The Acceptable Bounds of Discourse, Pro-War Version


Today, Glenn Reynolds put up this post:

THE OFFICERS' CLUB looks at the media and the war on terror.

Following the link—usually an interesting exercise when Glenn gets terse—and you see such measured analysis as this:

The media, while a single-edged sword against [the] US now, can have its edge doubled by reports of Arab reaction to the enemy's senseless women-and-children killing.

Italics mine, to emphasize a common theme that Reynolds has long helped to promote—that American journalists are monolithically serving the needs of, and perhaps even openly rooting for, American's enemies. It's a load of bull, but that hasn't stopped Reynolds from warning sadly about what will happen to the First Amendment if Americans start believing the nonsense his friends write.

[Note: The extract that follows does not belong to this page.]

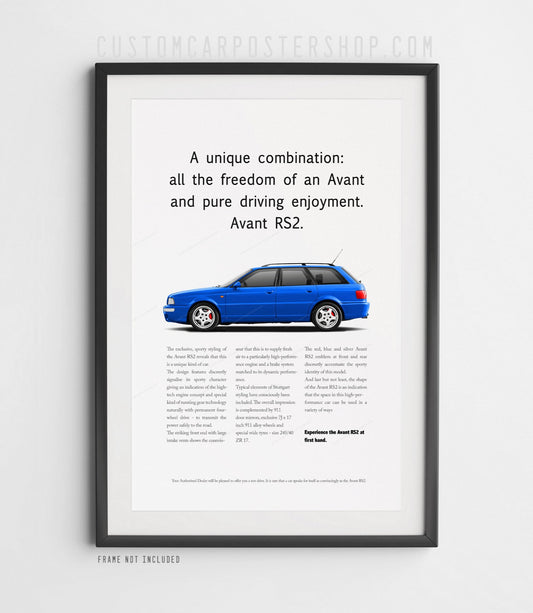Nogaro blue Audi RS2 Avant print ad poster featuring a 1994 Audi and Porsche collaboration.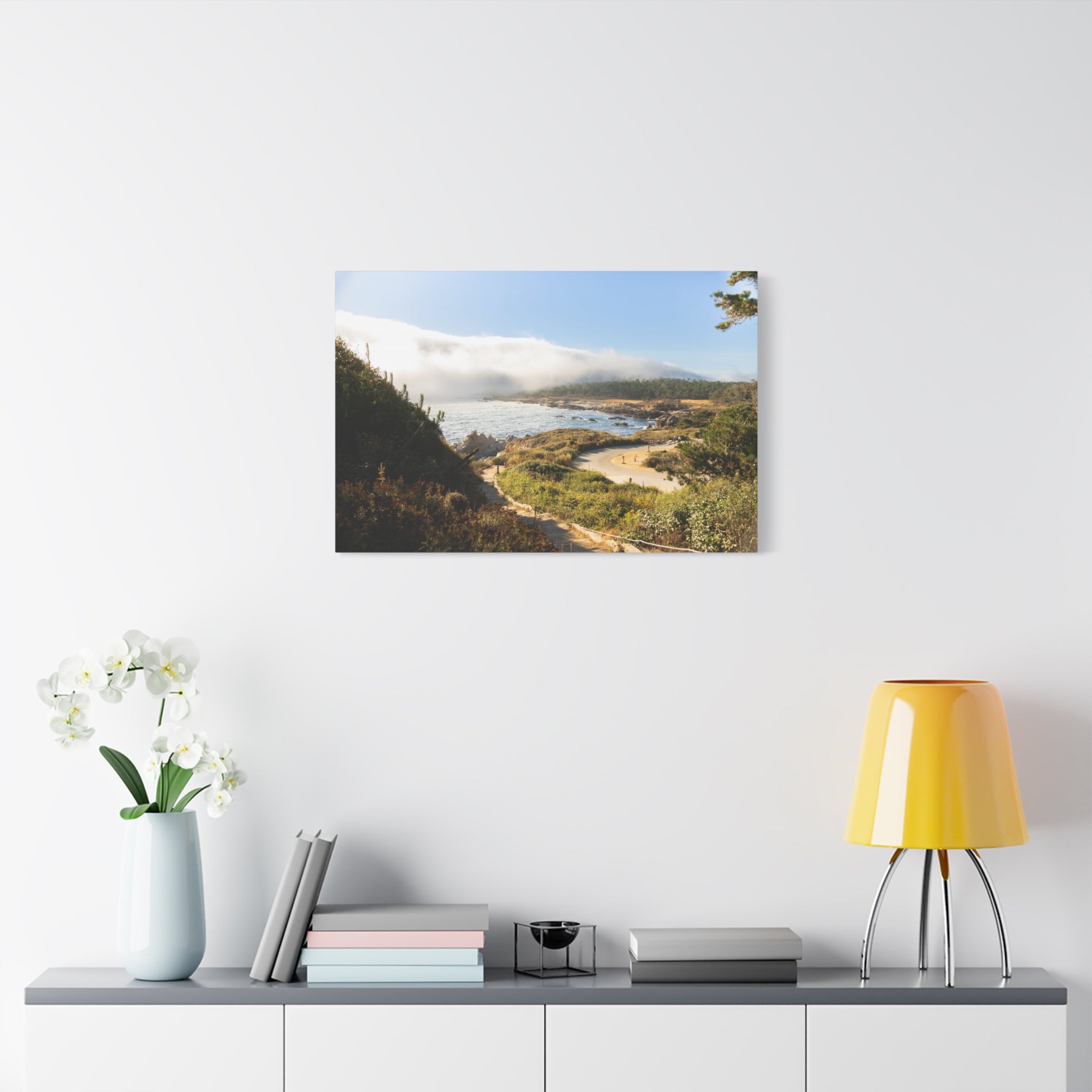 Coastal Mist Beach Landscape Canvas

But I was more interested by one of the pieces of writing The Officers' Club post highlighted, from genial weblogger and self-described libertarian Stephen "VodkaPundit" Green.

It's a long post, so I won't attempt to summarize it, but among other things he describes the media as the "Arm of Decision" in the war on terror; warns that "We could lose also because our mainstream media seems to find terrorists less unattractive than having a conservative Texan in the White House," and concludes:

But if we lose this Terror War, our media will be seen as largely to blame. They'll suffer blame for their ignorance and for their petulance. They'll suffer blame for seeing al Jazeera as comrades closer than the privates and NCOs and officers fighting to protect the First Amendment. They'll suffer blame for putting their hatred of a Republican President before their love of country. Whether that assessment is fair or not, it is how the public will see things.

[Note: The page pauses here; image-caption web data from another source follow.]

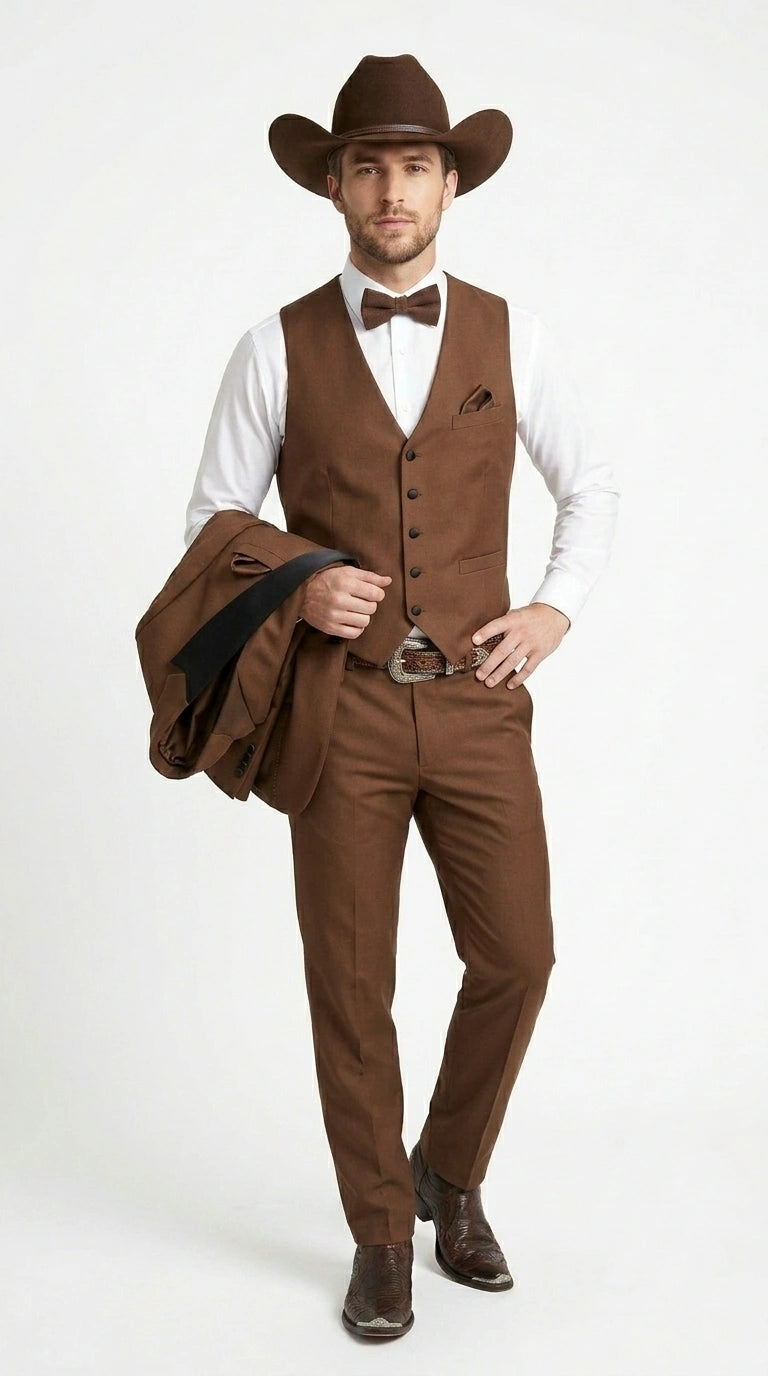 Men’s Light Brown Western Tuxedo 3 Piece Suit with Black Peak Collar Lapel, Country Look Cowboy Suit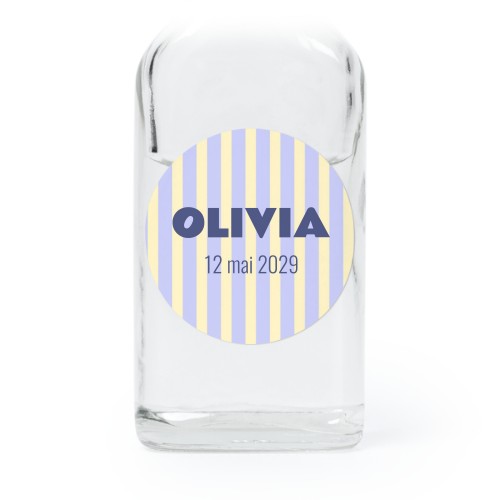 Fiole en verre transparent avec autocollant rond - Lot de 12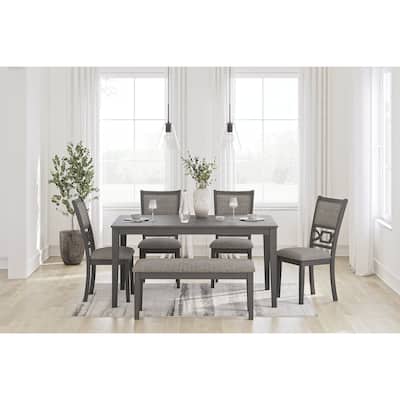 Signature Design by Ashley Langwest Dining Table and 4 Chairs and Bench (Set of 6)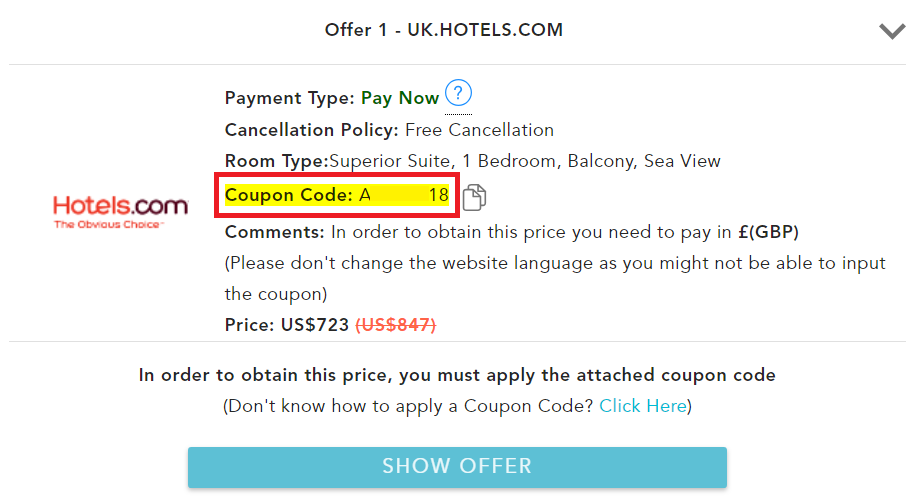 how to use coupon codes for hotel bookings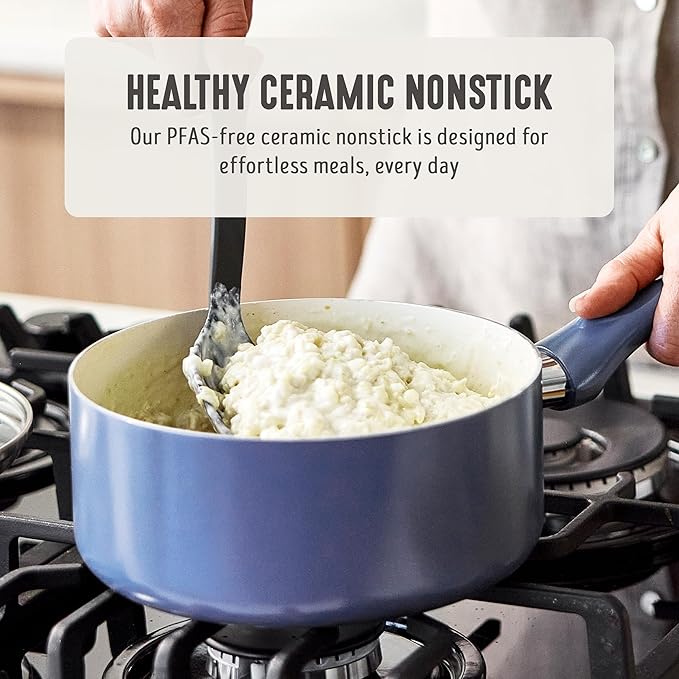 GreenLife 2 Quart Nonstick Saucepan with Lid, Non-Toxic Ceramic Pot, Dishwasher Safe, Stay-Cool Handle, Induction Ready, Fast Heating, PFAS/PFOA Free, Easy Clean, Slate Blue - Image 2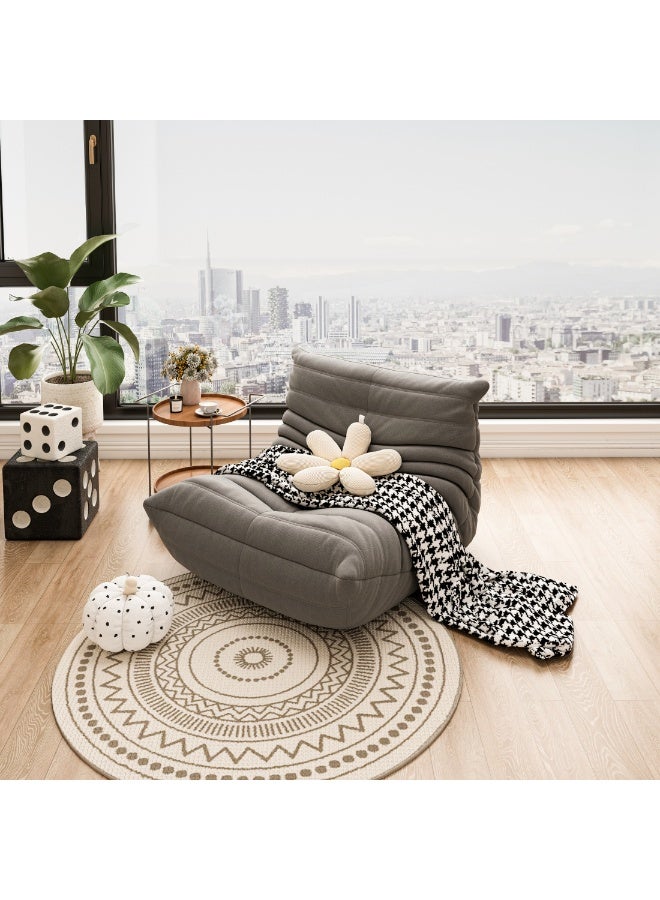 Castlery Single Floor Sofa with Ultra-Thick Back Support- High-Density Comfort Sponge & Soft Fabric - Multi-Functional Lazy Sofa for Small Rooms, Bedroom, and Living Room Home Furniture (Grey) - Image 1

Then the public would demand changes. And they'd probably get them, courtesy of a government looking for scapegoats, real or imagined. Should that day come, we'd lose our free press, and we'd lose our freedoms. We'd lose our country.

I don't think we'll ever "lose our free press," for these or any other reasons, though I'll note again that if the sky should indeed fall in this way we should reserve at least some finger-pointing for the people who popularized the inaccurate idea that the media is rooting as one for America's enemies.

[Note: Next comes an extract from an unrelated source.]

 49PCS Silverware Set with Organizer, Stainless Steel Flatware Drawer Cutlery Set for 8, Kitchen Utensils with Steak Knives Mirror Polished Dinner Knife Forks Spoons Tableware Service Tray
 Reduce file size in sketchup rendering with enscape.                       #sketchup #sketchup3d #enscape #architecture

But what I'm more curious about, especially in the wake of President Bush's "pushback" strategy, is Green's solution to the media crisis. Turns out, it involves strict definitions on the bounds of acceptable discourse:

It's fair to ask if the Iraq Campaign was a necessary component to the Terror War. It isn't fair to compare Iraq to Vietnam, when the two wars have nothing, zero, nada in common. It's fair to ask if our soldiers are dying in vain, or because of stupid policy, or because of inferior equipment. It's not fair to run headlines like "Battle Deaths Continue to Mount." No shit, Sherlock? A real story would be, "Battle Deaths Decline as Fallen Soldiers Miraculously Resurrected." It's fair to question Bush's policies. It's not fair to act as a conduit for enemy propaganda. It's fair to ask if Iraq is draining resources from our efforts in Afghanistan. It's not fair to complain that Afghanistan isn't perfect yet. It's fair to complain about indecencies at Abu Ghraib. It's not fair to virtually ignore atrocities committed by the other side everywhere else in Iraq.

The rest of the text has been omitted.